Q&A with D-backs' new radio voice: 'I love Arizona'

January 8th, 2024

This story was excerpted from Steve Gilbert’s D-backs Beat newsletter. To read the newsletter, click here. And subscribe to get it regularly in your inbox.

After two years of doing the pregame and postgame radio shows while splitting play-by-play duties with legendary D-backs radio voice Greg Schulte, Chris Garagiola was named to replace the retiring Schulte on Dec. 1.

That news got lost in the shuffle a bit with some of the player moves the D-backs have made this offseason, so I had been wanting to follow up with Garagiola to get his thoughts on his new job, as well as some of his memories growing up as the son of Joe Garagiola Jr., who was the D-backs’ general manager from 1995 (when the franchise was awarded) until 2005 (when he left to work for Major League Baseball). Garagiola Jr. is now back with the D-backs as senior director of special projects.

Here's what Chris Garagiola had to say …

MLB.com: You were 6 or 7 years old when the D-backs started playing in 1998, what are your earliest memories of that time?

Garagiola: I would say like the earliest Diamondbacks memory I have is I took a tour of the stadium when it was probably like 80 percent built.

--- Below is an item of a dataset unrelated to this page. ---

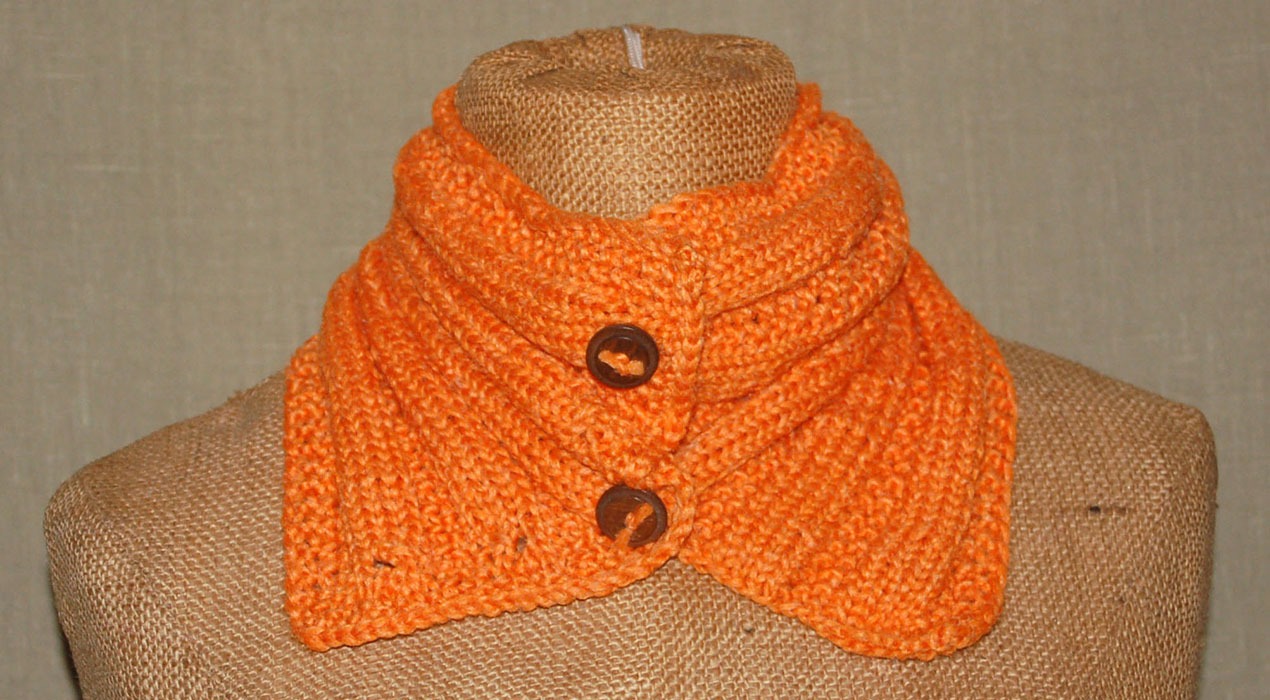 Orange halskrage i silke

Then I remember vaguely the very first game. I remember all the pageantry beforehand, the Commissioner was there and then I think I fell asleep like in the third inning.

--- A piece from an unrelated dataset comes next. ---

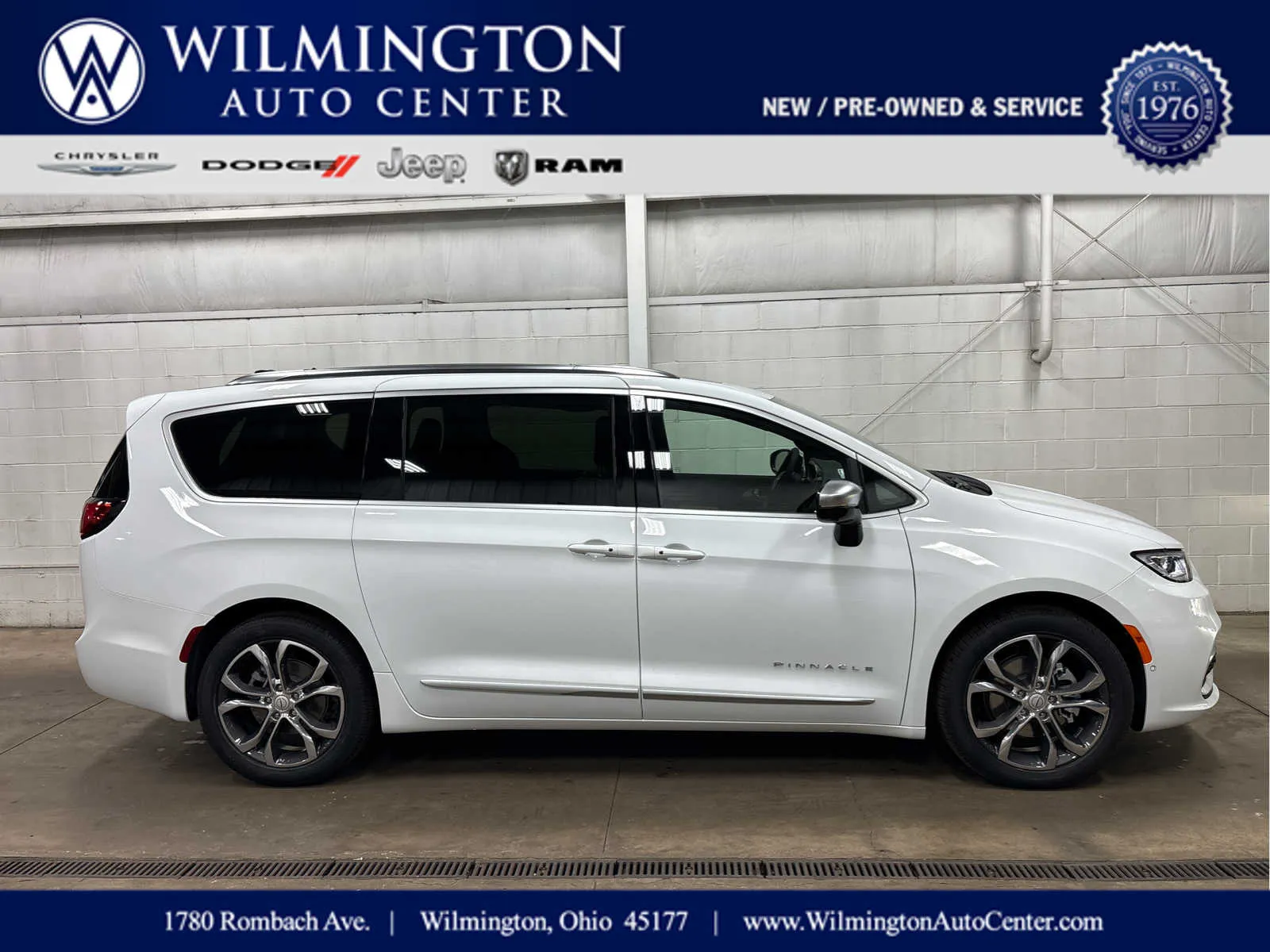 White 2026 Chrysler Pacifica Pinnacle for sale in Wilmington, OH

MLB.com: Given your history here and the history your family had with the D-backs, once you got into broadcasting, was working here your dream job?

Garagiola: Yeah, without a doubt. When I seriously got into broadcasting and I got the opportunity to just do Minor League games, the goal was always to get to the big leagues. I was willing to go anywhere in the country if there was a big league opportunity. I certainly wasn’t expecting to start here. I was willing to go anywhere, but I always had the idea that at some point I wanted to just go back home. I thought it would be incredible if I ever got the opportunity. I'm from Arizona. I love Arizona. This was my team, the team from my earliest memories that I was rooting for. It's got great ties, obviously, with my dad and my grandfather.

MLB.com: How did you get the news that you had been selected to replace Greg Schulte?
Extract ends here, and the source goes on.